November 13, 2017 by Jason Phillips
I don’t often write anything without myself being very present in the piece. I. Me. Who?
Shelley (I think) made a case for the Author to be invisible, if he can truly disappear from the work, then this is a sign of true art. I (me again, hi) think this could also be the case for sanity. If we can disappear from our own narrative, and look out into he world and see it for what it is, with, as Blake put it, the doors of perception cleansed, it may well be the end of neuroses.
Bukowski, and all of my favourite authors, they all seemed to be trapped in a kind of living hell. And the more I devour their, immediate, egocentric, hilarious and twisted writings the more I (or i?) am attracted to the hellish worlds they inhabit. It’s putting the me at the centre of everything, that makes the art so beautiful and relatable, but appears to be the cause of their suffering. I just finished one of Buk’s stunning books of poetry, ‘You Get So Alone at Times it Just Makes Sense’. He can’t escape himself. The entire book is written in lower case. Except the for one word ‘I’. Is this what Gonzo is? Is this beat poetry. Separating the self from the everything else. Why am I so attracted to this. It could be a sign I inhabit this psychological limbo of pain and separateness myself.
All these writers, and many of our most loved musicians and artists, end up alcoholics, womanisers or blowing their brains out. Do we need to go this far into the darkness to create something with the power and beauty of bukowski? Do we need to live in this despair in order to mine the diamonds of beautiful prose?
Maybe we need to be journeymen and all go to the darkside, but the ultimate goal has to be to transcend that hell, to, ultimately, transcend the I?
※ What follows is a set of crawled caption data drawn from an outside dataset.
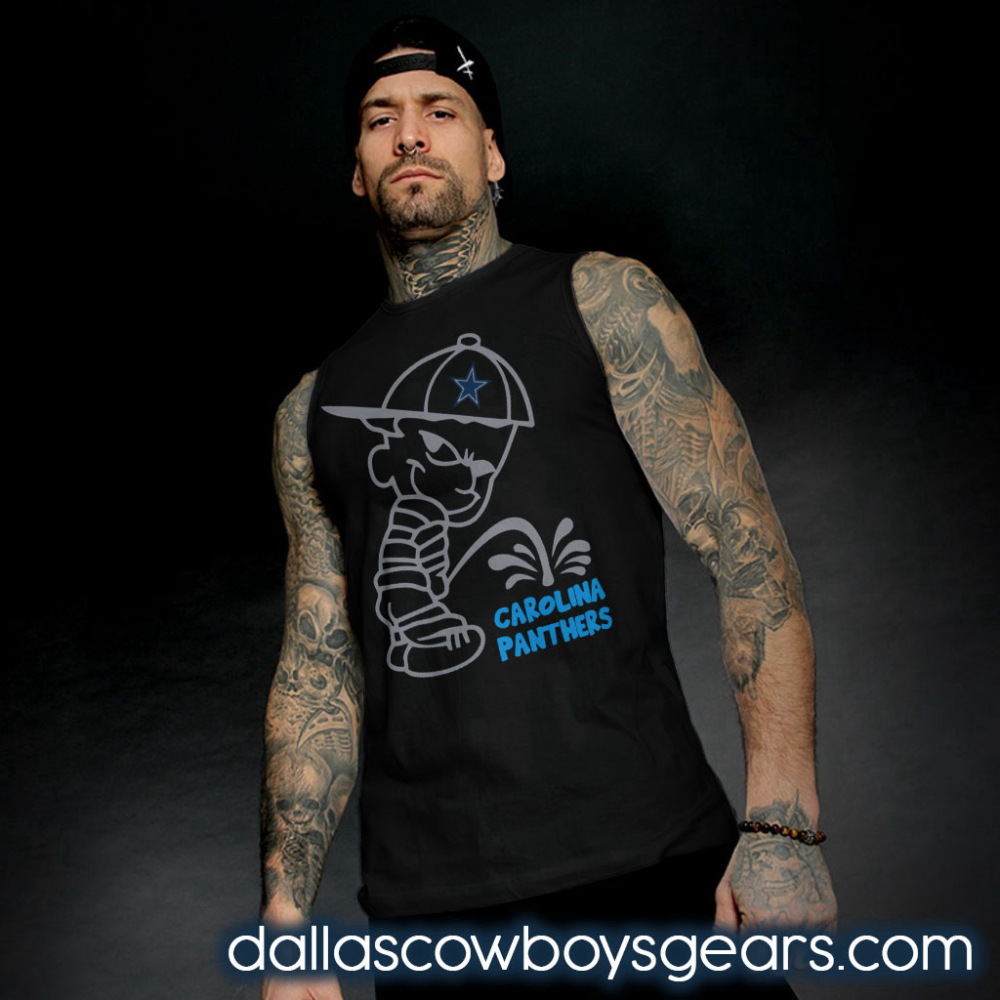 Dallas Cowboys Vintage Tee Piss on Carolina Panthers Shirt Funny Shirt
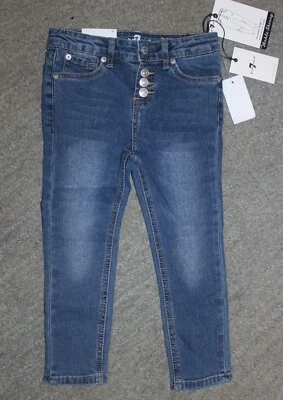 Pantalones de mezclilla ajustados al tobillo 7 For All Mankind para niñas - talla 6 - nuevos con etiquetas Foto 1 de 4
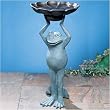 SPI Home 30409 Happy Frog Birdbath
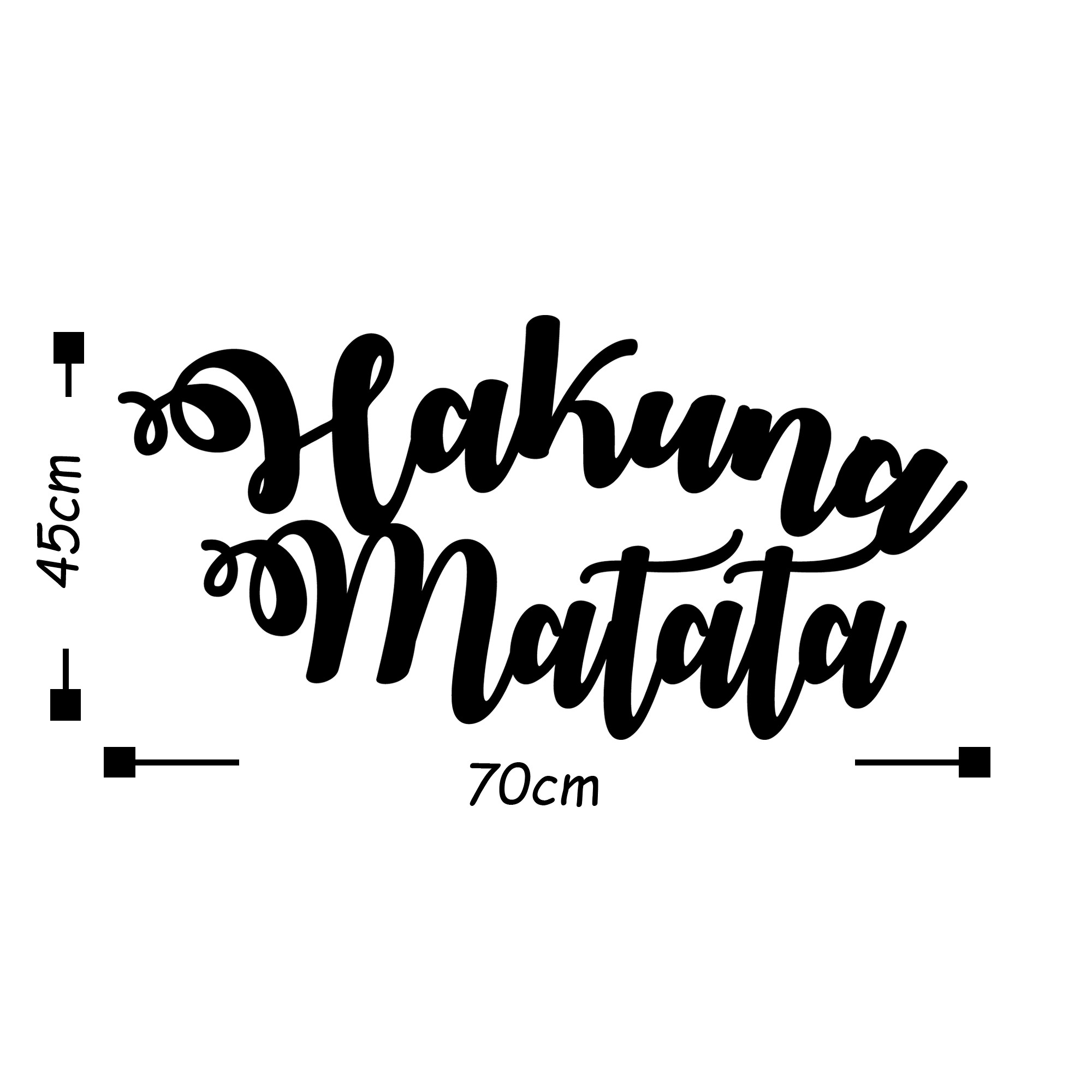 Dekorace HAKUNA ASIRGROUP (foto 423)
But is art art without our very own perception, our unique angle? How then, can we remove the I, surely this is the end of art. And, the end of insanity? Is art crystallised insanity? Preserving, holding on to, what was. Isn’t the very essence of sanity letting go?
What if after journeying through the dark land of limbo, alone, clutching our dark crystallised pain, for years, we then meet the Great Corblynau, disguised as a beggar or simple tradesman. And this is the test. If we are willing to hand it over, we can go. We not only leave this bitter land, we leave ourselves. We are gone from the pain. When we meet the Corblynae, in unsuspecting guise, we hand him the dark crystal. And then he takes the crystal and drags our body into his fiery ice lake, drags it to the bottom and lets it turn to dust. And we are set free.
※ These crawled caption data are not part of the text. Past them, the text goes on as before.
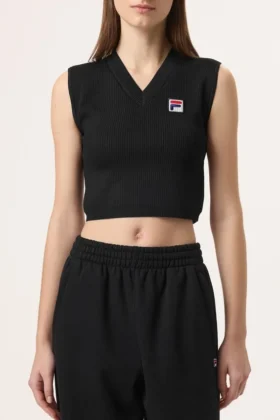 Schwarzes Fila x Hailey Baby-Tanktop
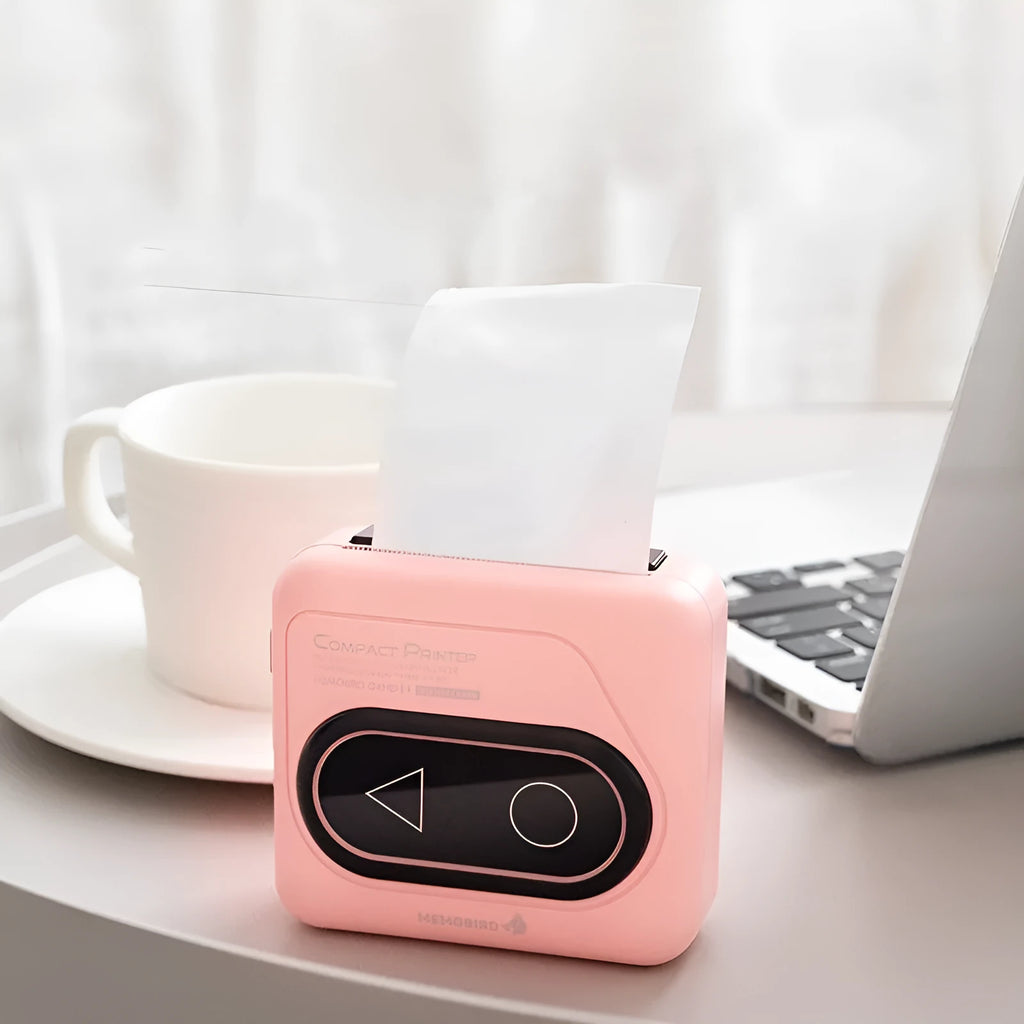 Avocado green Bluetooth mini thermal printer for mobile phone photos and text printing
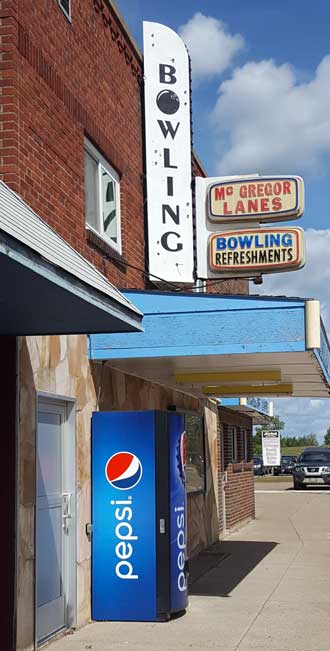 Every little town has a bowling alley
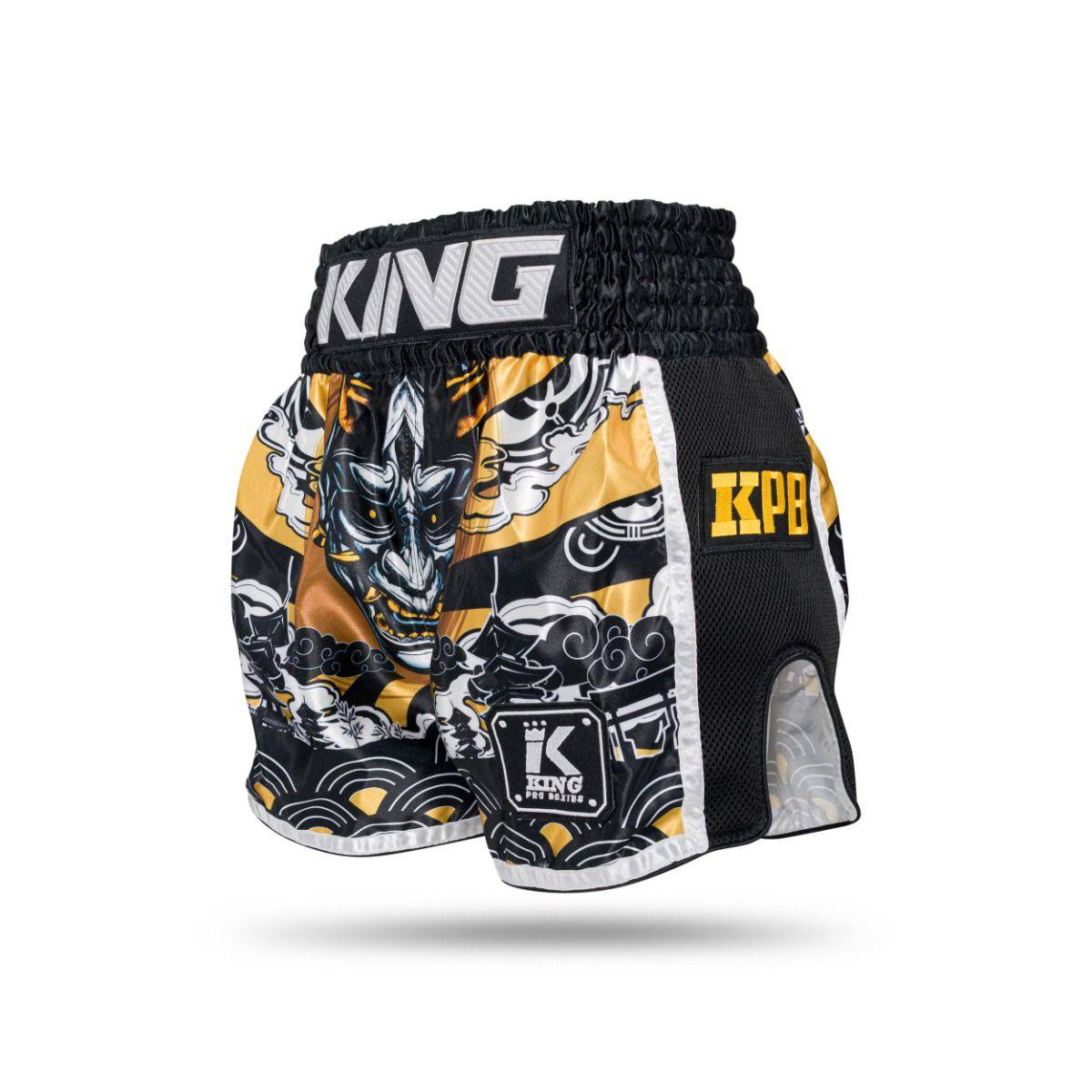 King Pro Boxing Hanya Muay thai Kickboks broek goud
Our soul drifts, with its new lightness, to the realm of nothingness. This is Enlightenment. This is becoming everything and nothing. This is letting go . Of the pain. Of the I. There is nothing to be done.
Maybe I love Buk so much because I recognise his journey. His pain. I wonder, though, did he let it all go at the crucial moment. Or is he burning in the pits of self flagellation, clutching his dark crystal of me-ness for ever more.